LICE!
Gross...yuck...ewww...so much work!
It was a beautiful sunny day today. I had plans for my 2 kids, the little one I babysit and I to have a nice relaxing day, try to recoup and feel better from our nasty colds we all have. Wanted us to be in top shape to celebrate Easter tomorrow, do a few things to prepare.
Then I noticed my DD scratching her head again. So I checked...again. This time I found the nasty little bloodsuckers...and freaked out.
I know it's really nothing to be upset about but I've been dreading this occurance since she started school and I started practicus in 3 different preschools/daycares.
We live in a small town with no pharmacy, hubby went golfing with our only vehicle, so I started stressing out about not being able to get a treatment before Tuesday. She goes back to school on Tuesday and I back to daycare, we definatly shouldn't go there with lice in our hair.
Hubby finally goes home and I try to tell him my problems (I admit I am a bad communicator) and he takes it as me giving him heck for going with the car. That was a big part of my frustration but all I needed was some reassurance and comfort that it would all be ok and I could handle it.
What I got was yelling, screaming, swearing and a huge fight right in front of our kids. The same outcome every time I try to talk to him when I'm upset. He says he doesn't like being yelled at but when I am upset I get loud...doesn't everyone?

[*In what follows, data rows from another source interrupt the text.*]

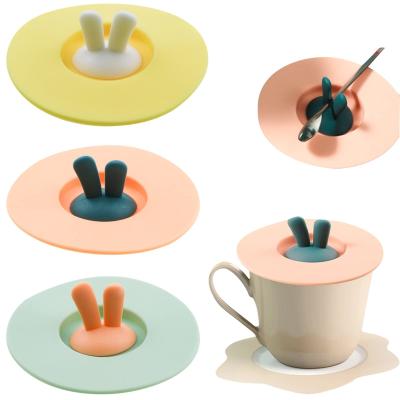 China Silicone Cup Lids Food Grade Rabbit Ear Silicone Cup Cover Anti-Dust Airtight Seal  Mugs Tea Cups Hot Cup Lid Coffee Cup for sale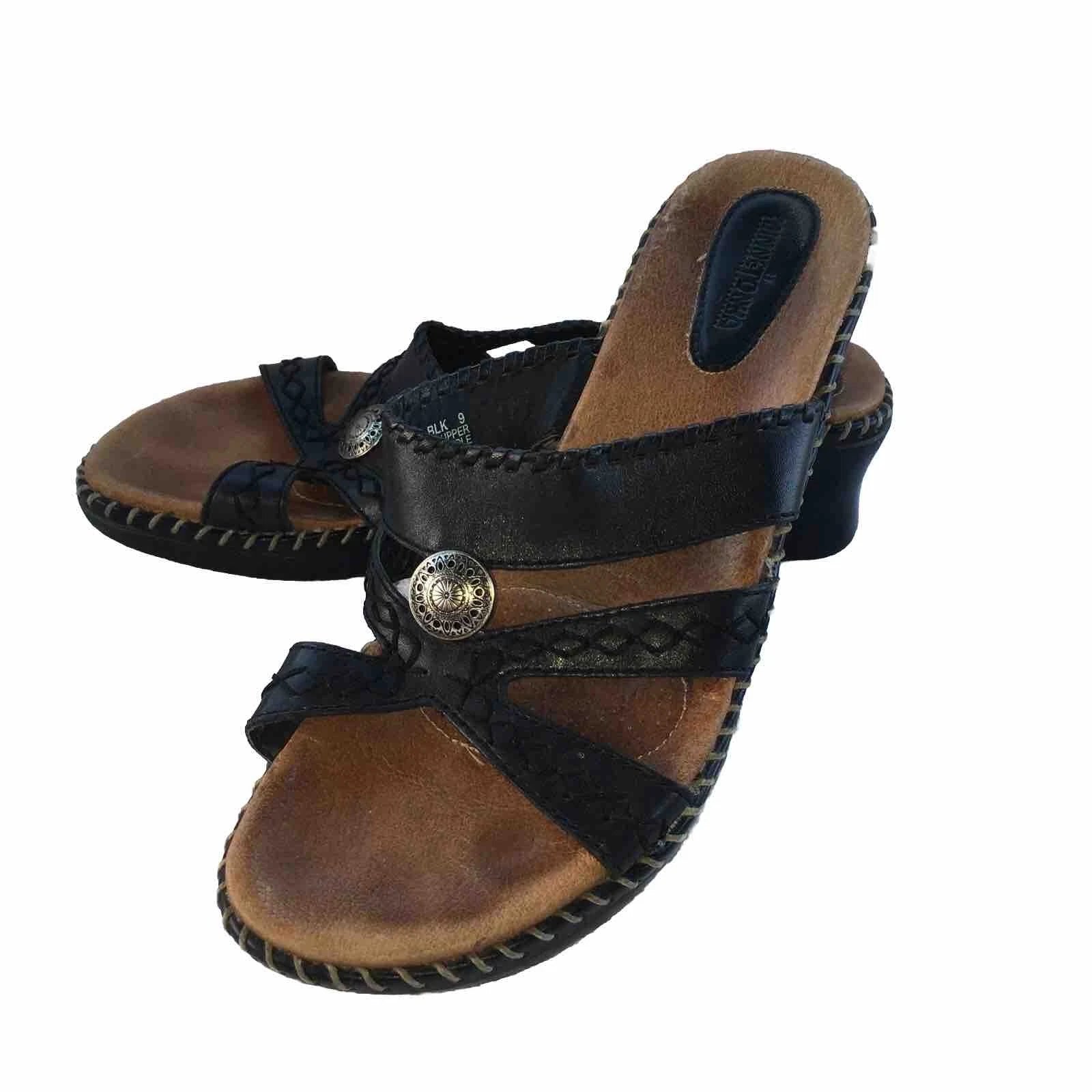 MINNETONKA BLACK LEATHER COMFORT SANDALS Womens  Sz 9 Style 70403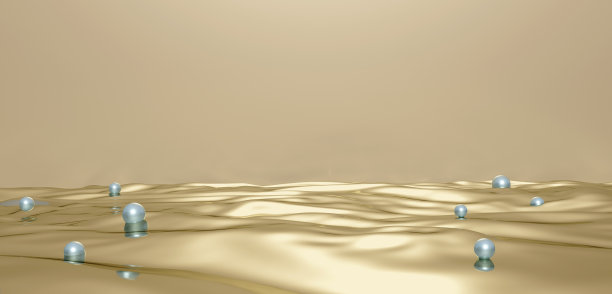 以水面、珍珠为背景图片进行产品装饰场景的3D插画图片下载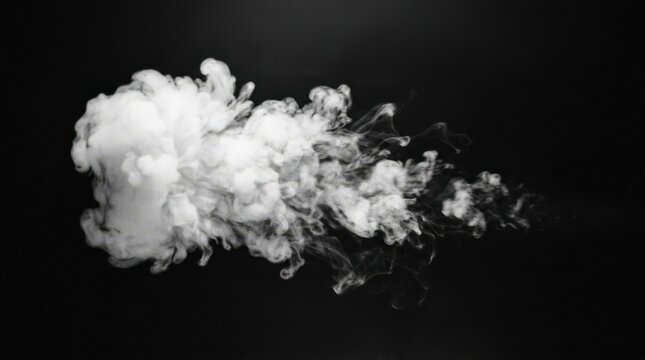 Dense white vapor cloud drifting horizontally across a deep black background, monochrome atmospheric photography, soft billowing texture, high contrast, isolated smoke formation, mysterious cinematic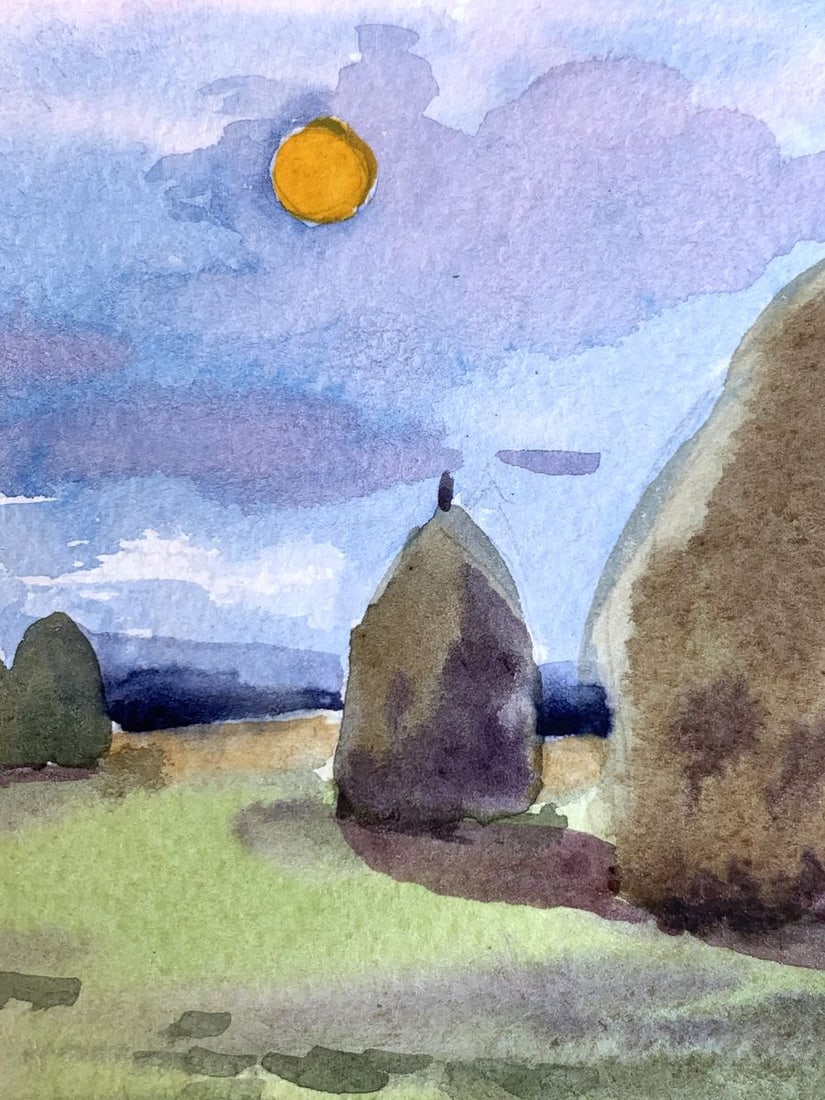 Watercolor painting Haystacks in a field Svetlana Gramm - 6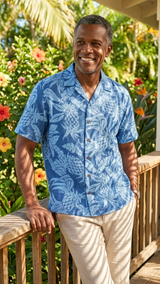 Hala Pineapples Aloha Men Shirt — Men's Rayon Shirts — RJC (view 8)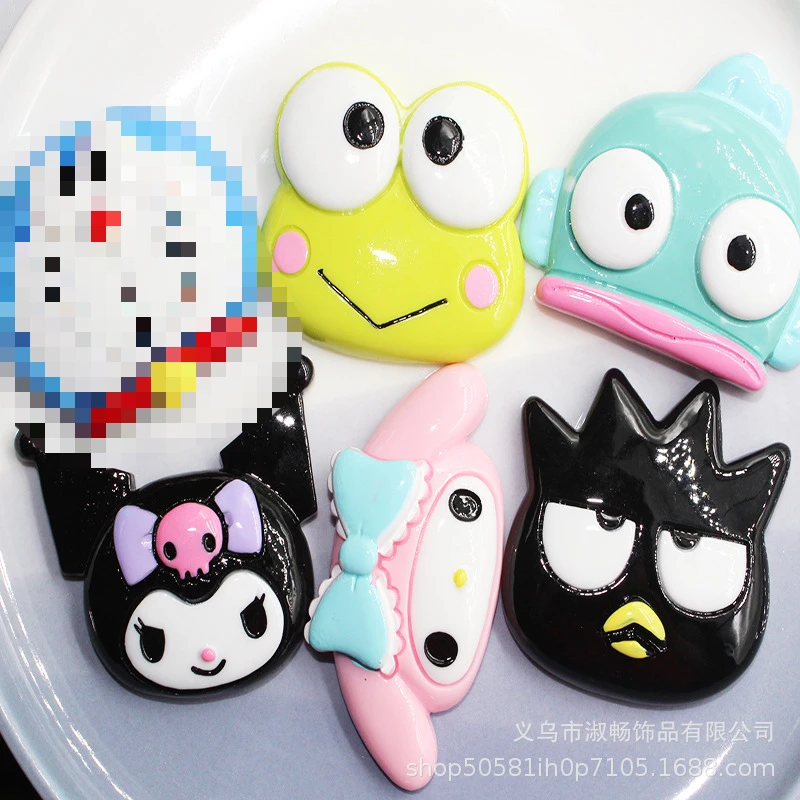 2Pcs sanrio cartoon resin flatback supplies diy kawaii resin accessories crafts materials scrapbooking embellishment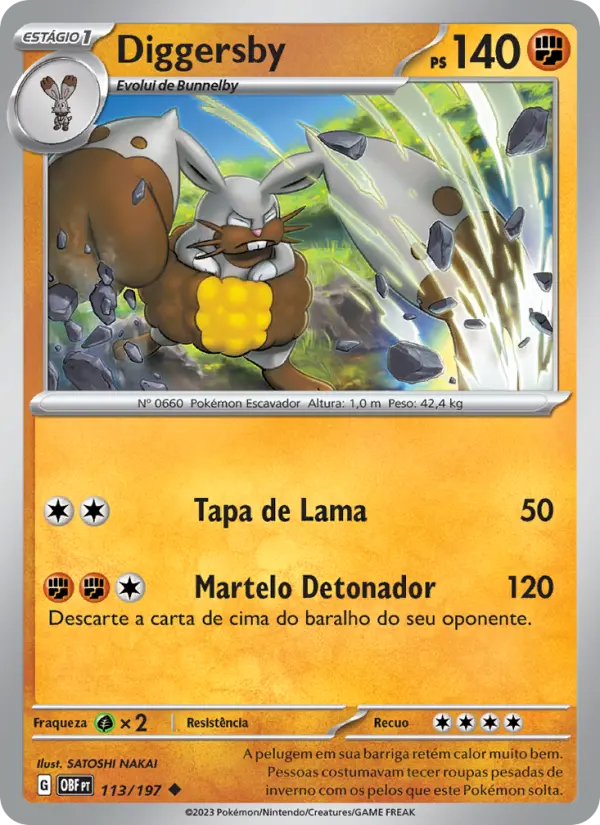 Carta Diggersby, número 113/197 da coleção Obsidiana em Chamas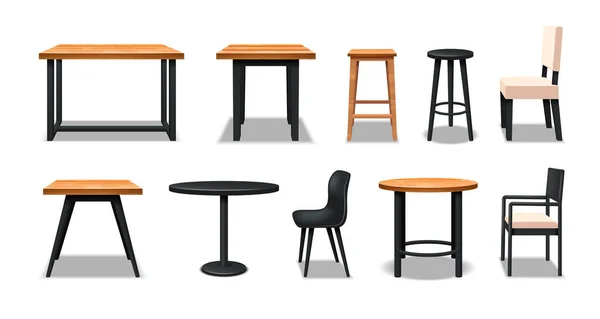 カフェとバー 木製の椅子とテーブルを分離したベクターイラストで設定したリアルな毛皮アイコン — ストックベクタ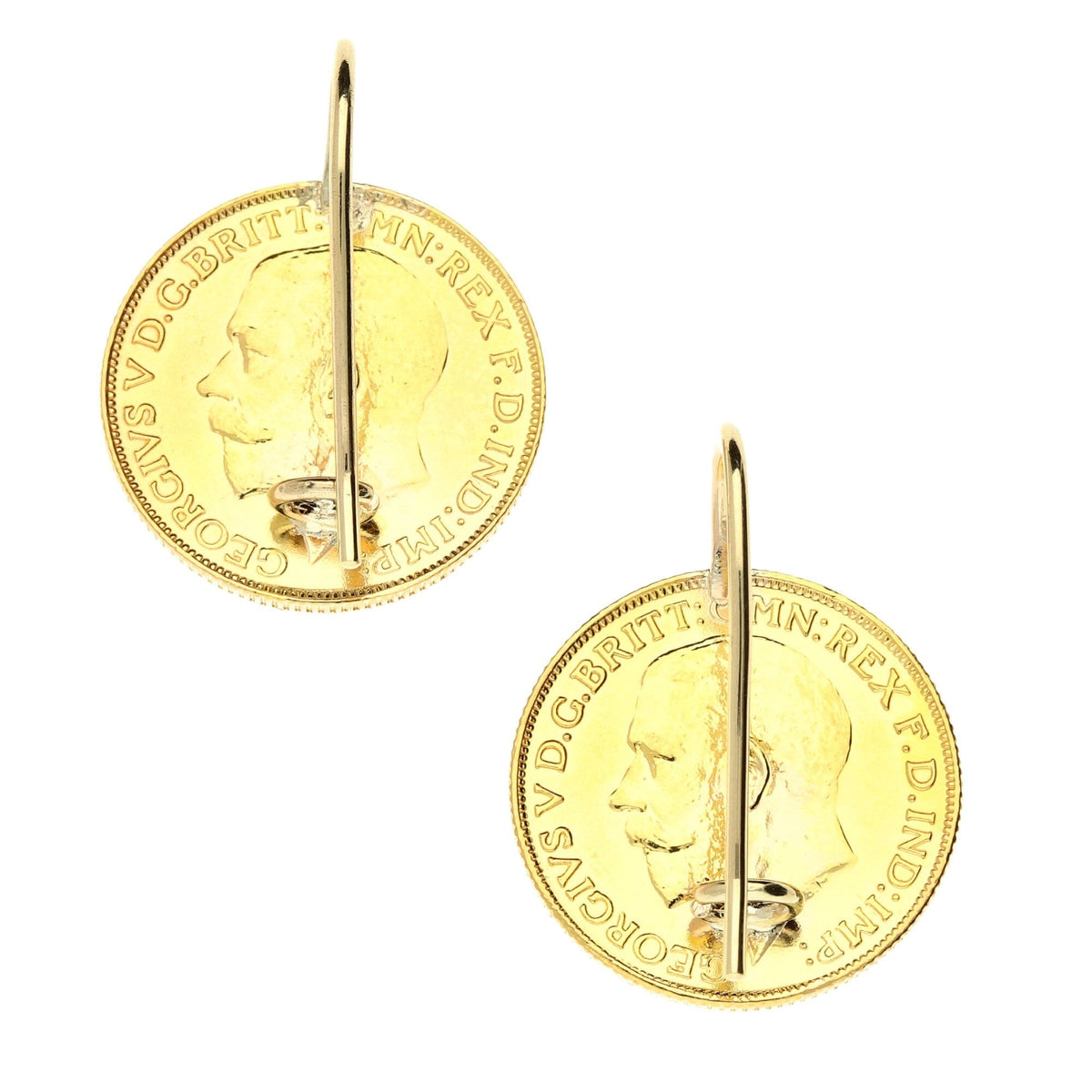 1928 Gold Full Sovereign Earrings - 17.1g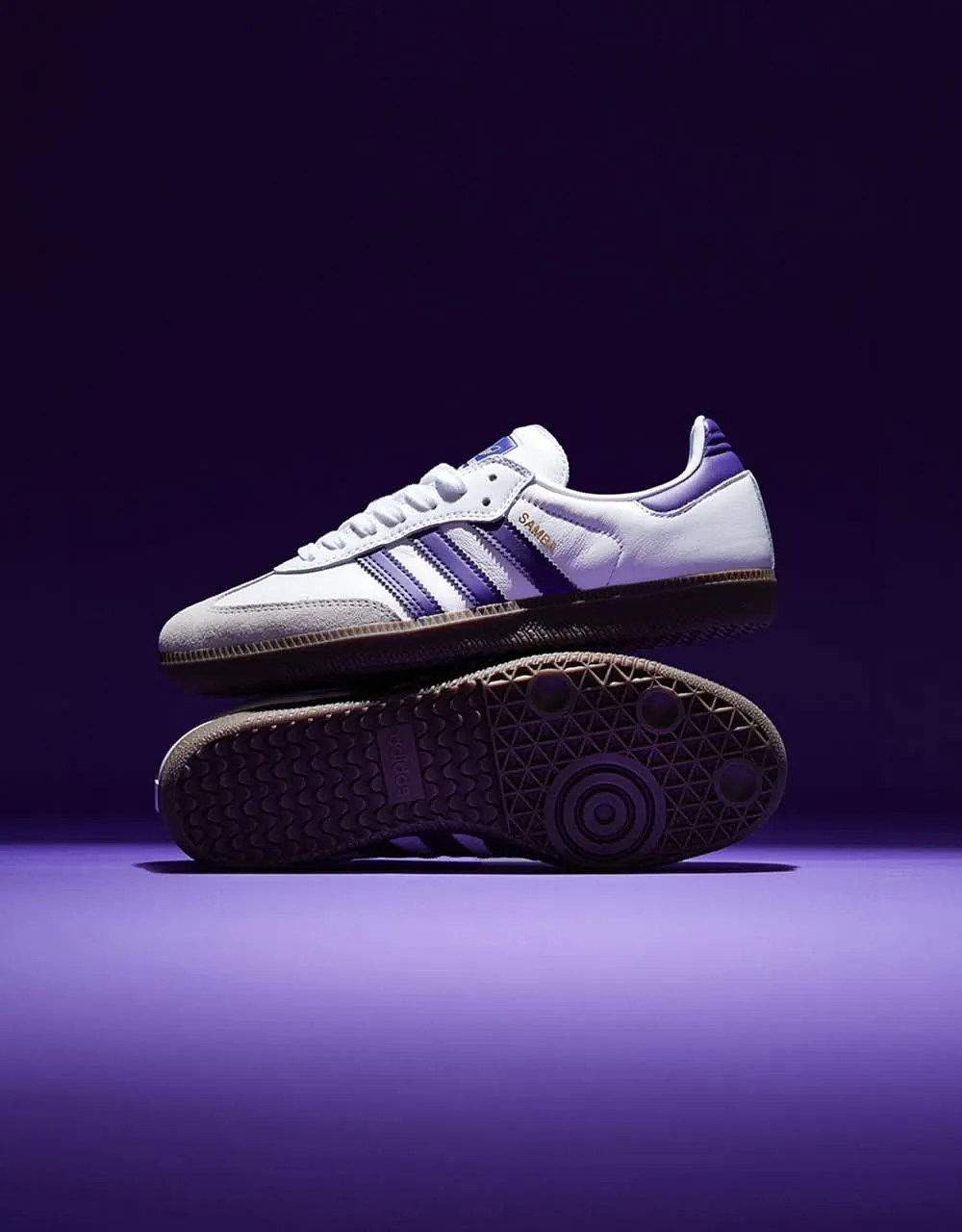 adidas Samba ADV Skate Shoes - White/Collegiate Purple/Gold Metallic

So I started crying, shaking, gasping for air, which only makes him mad. He just can't deal with emotions I guess. All I want is some comfort and love when I'm upset, but he thinks I cry to make him feel bad, so I try not to let the tears flow because I don't want to fight. He always says things that he shouldn't, gets mad and swears, and doesn't seem to care if the kids see or hear it or not.
I cried for almost 2 hours. Missed Easter dinner at my Grama's, then stressed about that and felt guilty and cried some more. Hubby found a pharmacy open long enough to get to tonight and is gone now. Kids are in the tub. I am trying to not let the floodgates open again but my mind keeps racing, the guilt keeps coming and the tears won't stop.
How can I just get him to show his love and support of me? Help me when I'm upset?
I realize it's almost all my fault. I blame it all on stress, sickness and being on my rag. But I know I have some issues, I know I need sme help from someone...just not sure who or where to turn or what to do.
I hoped writing about it might help...not really.
They want out of the tub, I guess I gotta hold the water works in a bit longer, they shouldn't see it anymore.